Escola sem Partido: retrocesso à vista
- Eliete Carvalho
- 17 de jan. de 2020
- 3 min de leitura
Atualizado: 27 de jan. de 2020

Sou professora. Ensino há mais de vinte anos. Nunca vi, durante todo esse tempo em que dou aula, a escola ser o centro das atenções como ultimamente nos discursos da extrema direita. Quando escuto ou leio sobre a chamada escola sem partido, vejo-me muito agredida e desrespeitada psicologicamente, moralmente e intelectualmente enquanto profissional. A pauta da escola sem partido, além de afrontar a escola e os professores, é equivocada e nos leva ao retrocesso, quanto ao pluralismo de ideias e de conhecimento.
O que se está em jogo não é se a escola tem um ensino de qualidade, se os alunos de fato aprendem, se a merenda é boa, se a estrutura física é adequada, se tem laboratórios de ciências, de informática, de leitura ou bibliotecas, ou mesmo, se os professores são valorizados no exercício de suas funções. A preocupação é outra: o monitoramento aos professores, chamados pelos tais conservadores, de “doutrinadores”, ou seja, da liberdade de ensinar dos professores em sala de aula. Por conta disso, está havendo o chamado “denuncismo”. Cartazes, insultos, textos apócrifos e ameaças se espalham pelas Universidades. O mais recente aconteceu na Unidade Federal de Pernambuco, onde se propagou, pelo campus, um texto apócrifo listando os nomes de professores, segundo o texto, “transgressores”, “esquerdistas” e “comunistas”. Esses “esquerdopatas” seriam banidos do sistema educacional.

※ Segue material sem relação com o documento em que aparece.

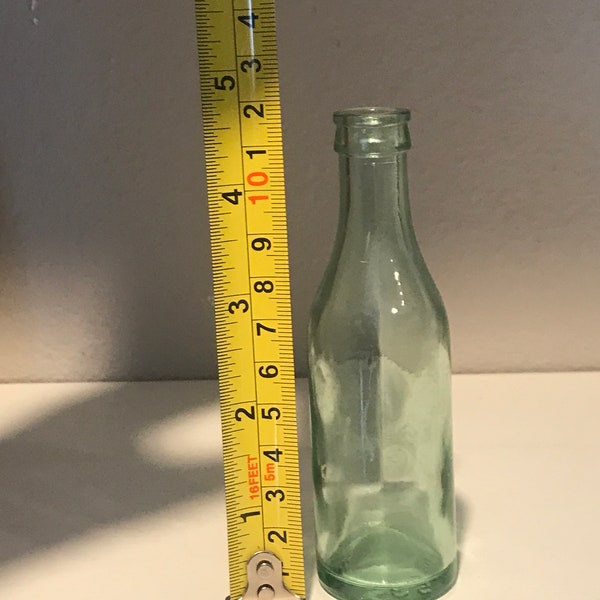 Vintage Small Unmarked Soda Bottle - Small Pop Bottle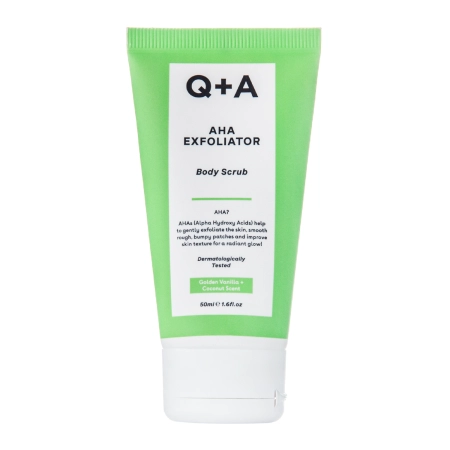 Q+A - AHA Exfoliator Body Scrub - Izlīdzinošs ķermeņa skrubis ar AHA skābēm - 50ml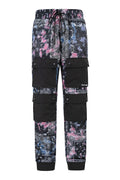 Men's Bandana Print Hyper Cargo Jogger Pants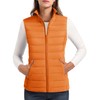 MAGCOMSEN Quilted Pufer Vest Women Lightweight Sleeveless Stand Collar Padded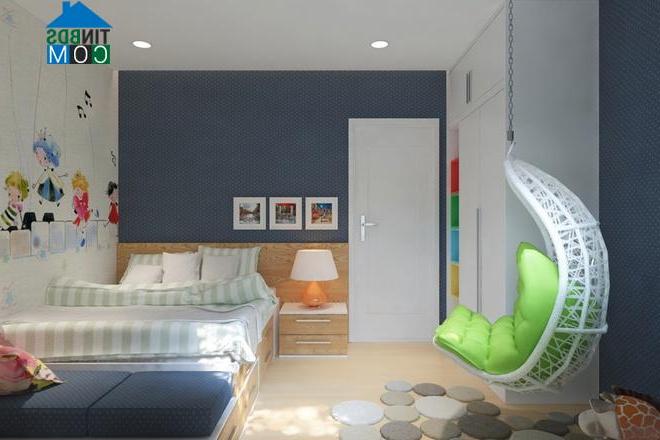 Ảnh Căn hộ 92m2 sinh động với nhiều họa tiết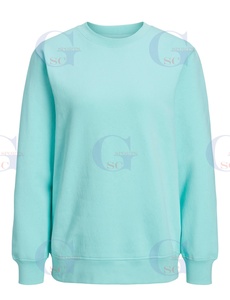 Camisetas de algodón de cuello redondo para mujer, camisas de sudor de alta calidad hechas a medida con logotipos privadas e impresión al por mayor - Product Image 4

O discurso de que a escola está “doutrinando” as crianças e os jovens, pregado por aqueles que nada entendem de educação, é absurdamente antidemocrático e fere a Constituição e a própria Lei de Diretrizes e Bases (LDB), quando diz que as escolas têm autonomia frente à gestão democrática e ao seu Projeto Político Pedagógico. Dá para imaginar uma escola sem sua autonomia? Sem seu projeto Político Pedagógico? Não! Não dá. Mas, infelizmente, o movimento ganha corpo e a caça às “bruxas” já começa a surgir país afora com ameaças e perseguições a muitos docentes. Imaginem se esse tal projeto, que é uma asneira geral, é aprovado em Brasília. Já pensou? Quero deixar bem claro aqui, que eles não querem uma escola sem partido, na verdade, apenas almejam uma escola atrelada, sob o controle do discurso único – o deles! Um discurso autoritário.
Mas o que prega o Projeto Escola sem Partido? Posso garantir que boa coisa não é. O que mais chama atenção é “o conhecimento neutro”, desprovido de qualquer contextualização, como se isso fosse possível. Mas como seria o ensino de Língua Portuguesa neutro? Dá para imaginar? O professor, para ser neutro, não tocará na questão do preconceito linguístico. Ele será proibido de mencionar que a língua apresenta particularidades ou mesmo que o respeito às diversas formas de variações linguísticas deve existir entre seus falantes. Mas como fica o Nordeste? Essa região é a mais que sofre com esse tipo de preconceito. Dizem que falamos feio e arrastado. E, por conta disso, somos xingados e depreciados linguisticamente, principalmente, nas mídias. Não, não poderíamos falar ou debater.
Agora mesmo, vimos uma questão do ENEM que tratou do dialeto dos LGTBS e ela foi, erroneamente, incompreendida e criticada por muitos. A questão, apenas, exigia o conhecimento sobre a variação linguística, mas como mencionava o dialeto dos LGTBS causou polêmica e espanto. E ainda teve político ameaçando os critérios e as escolhas relativas ao conhecimento abordado nas avaliações. Uma vergonha nacional. Se isso não é retrocesso, não é voltar às trevas, o que mais podemos dizer diante de um projeto que desrespeita e impõe a censura em sala de aula? Por que querem o controle da liberdade de expressão? Certamente, para desviar o debate daquilo que verdadeiramente importa: o investimento em educação. E colocar a sociedade contra a escola é o jeito encontrado para dizer que se está pensando no futuro do país.
Mas para quem serve esse discurso? Acredito que serve para aqueles que acreditaram no tal kit gay. Escola sem Partido não existe. Existem escolas que prezam a liberdade e a democracia. Resistir é preciso em nome desses valores.